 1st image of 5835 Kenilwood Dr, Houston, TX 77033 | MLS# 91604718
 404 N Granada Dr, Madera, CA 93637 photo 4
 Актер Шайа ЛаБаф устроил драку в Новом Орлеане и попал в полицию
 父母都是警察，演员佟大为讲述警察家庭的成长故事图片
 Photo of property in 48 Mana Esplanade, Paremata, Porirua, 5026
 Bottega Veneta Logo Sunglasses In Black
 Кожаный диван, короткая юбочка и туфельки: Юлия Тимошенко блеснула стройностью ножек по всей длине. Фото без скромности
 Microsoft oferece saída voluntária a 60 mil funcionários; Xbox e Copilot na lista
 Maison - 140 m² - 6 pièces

---

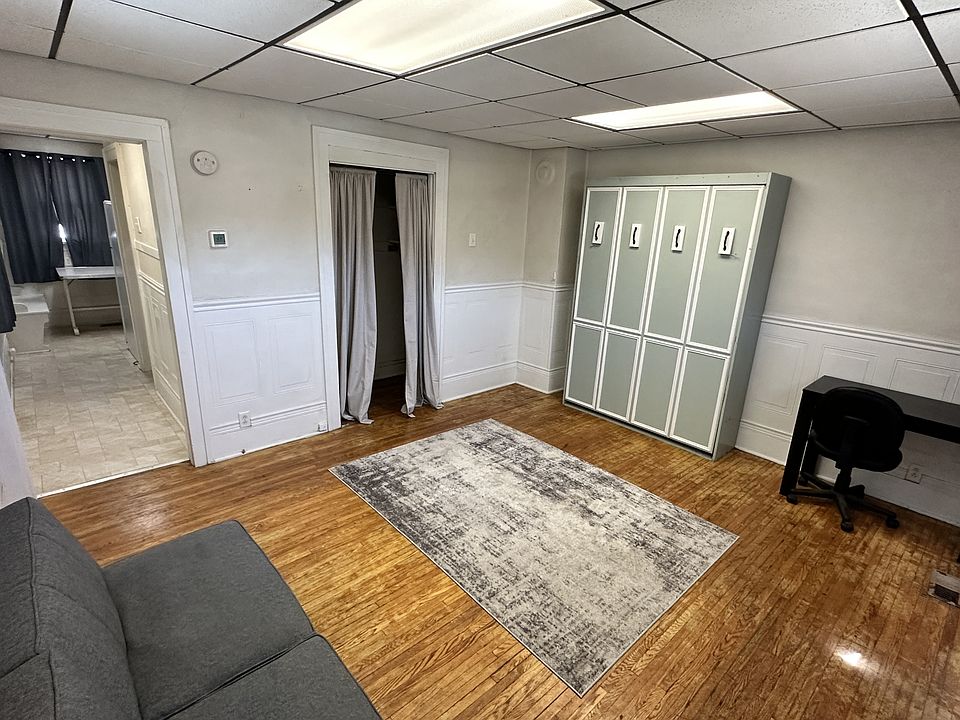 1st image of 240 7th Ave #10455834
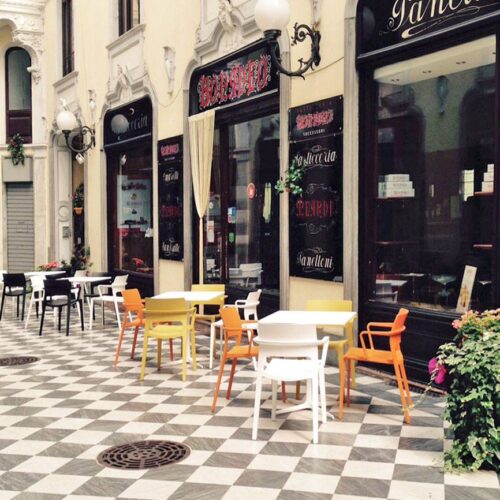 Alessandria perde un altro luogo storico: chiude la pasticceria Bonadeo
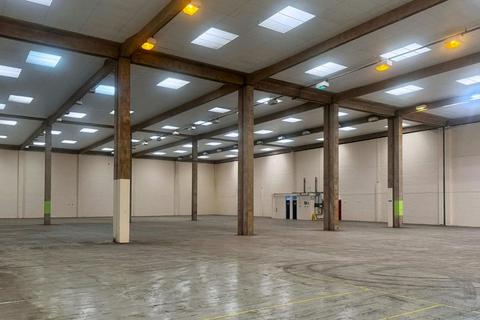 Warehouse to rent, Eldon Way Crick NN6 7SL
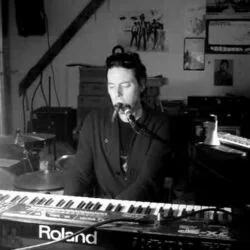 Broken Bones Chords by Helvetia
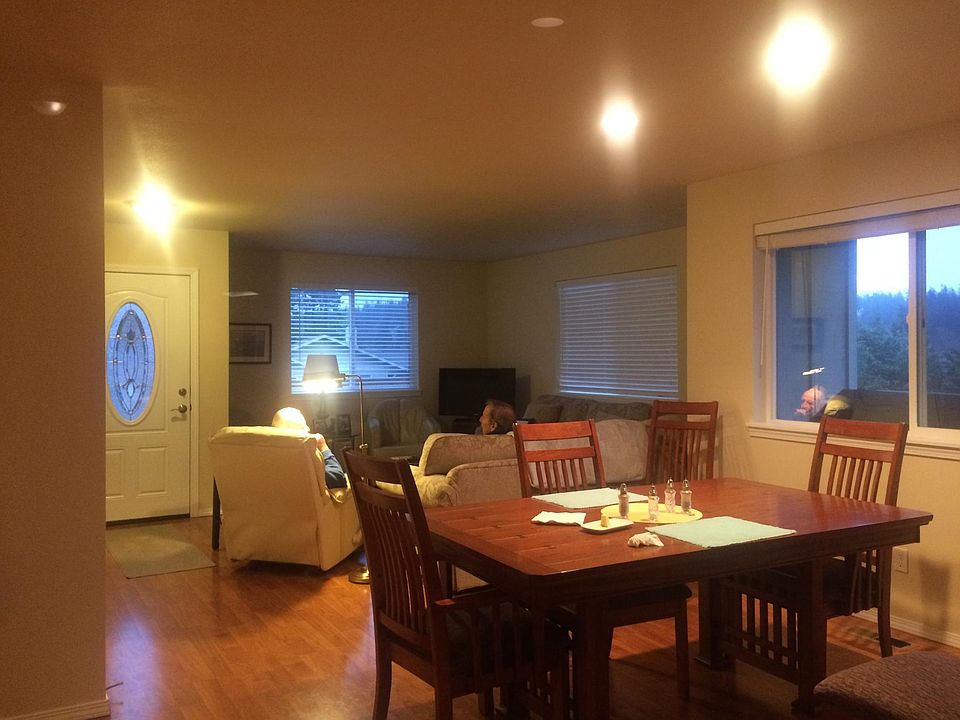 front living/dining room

= WORK REQUEST =
In the listing above, find the line containing "1st image of 5835" and the line containing "Bottega Veneta Logo Sunglasses In Black". Output them and every line between, exactly, and nothing else.

= WRITTEN ANSWER =
 1st image of 5835 Kenilwood Dr, Houston, TX 77033 | MLS# 91604718
 404 N Granada Dr, Madera, CA 93637 photo 4
 Актер Шайа ЛаБаф устроил драку в Новом Орлеане и попал в полицию
 父母都是警察，演员佟大为讲述警察家庭的成长故事图片
 Photo of property in 48 Mana Esplanade, Paremata, Porirua, 5026
 Bottega Veneta Logo Sunglasses In Black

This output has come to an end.